#### [PROBLEM STATEMENT]
The answer should consist solely of the lines from the first one below through the line containing "Muskel-Buddha-Statue Kreatives Design", copied exactly.

#### [PROVIDED DATA]

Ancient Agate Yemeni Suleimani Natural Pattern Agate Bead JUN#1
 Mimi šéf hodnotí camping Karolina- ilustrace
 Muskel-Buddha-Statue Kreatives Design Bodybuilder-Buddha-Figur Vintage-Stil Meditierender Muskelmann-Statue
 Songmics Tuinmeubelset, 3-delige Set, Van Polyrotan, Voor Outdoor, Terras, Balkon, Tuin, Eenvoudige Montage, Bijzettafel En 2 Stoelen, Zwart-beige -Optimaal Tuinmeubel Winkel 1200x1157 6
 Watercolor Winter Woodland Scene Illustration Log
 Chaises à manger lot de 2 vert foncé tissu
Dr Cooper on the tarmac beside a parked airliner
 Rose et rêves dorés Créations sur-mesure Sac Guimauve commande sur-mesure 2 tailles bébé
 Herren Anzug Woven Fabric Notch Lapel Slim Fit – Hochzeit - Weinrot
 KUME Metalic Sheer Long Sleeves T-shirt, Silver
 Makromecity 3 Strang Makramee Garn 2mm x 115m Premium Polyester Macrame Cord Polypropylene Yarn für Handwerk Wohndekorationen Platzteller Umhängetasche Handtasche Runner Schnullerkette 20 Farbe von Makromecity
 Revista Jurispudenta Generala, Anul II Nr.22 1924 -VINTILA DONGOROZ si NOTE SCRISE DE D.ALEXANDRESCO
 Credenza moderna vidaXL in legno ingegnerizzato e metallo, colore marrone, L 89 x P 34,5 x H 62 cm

#### [RESPONSE AREA]
Ancient Agate Yemeni Suleimani Natural Pattern Agate Bead JUN#1
 Mimi šéf hodnotí camping Karolina- ilustrace
 Muskel-Buddha-Statue Kreatives Design Bodybuilder-Buddha-Figur Vintage-Stil Meditierender Muskelmann-Statue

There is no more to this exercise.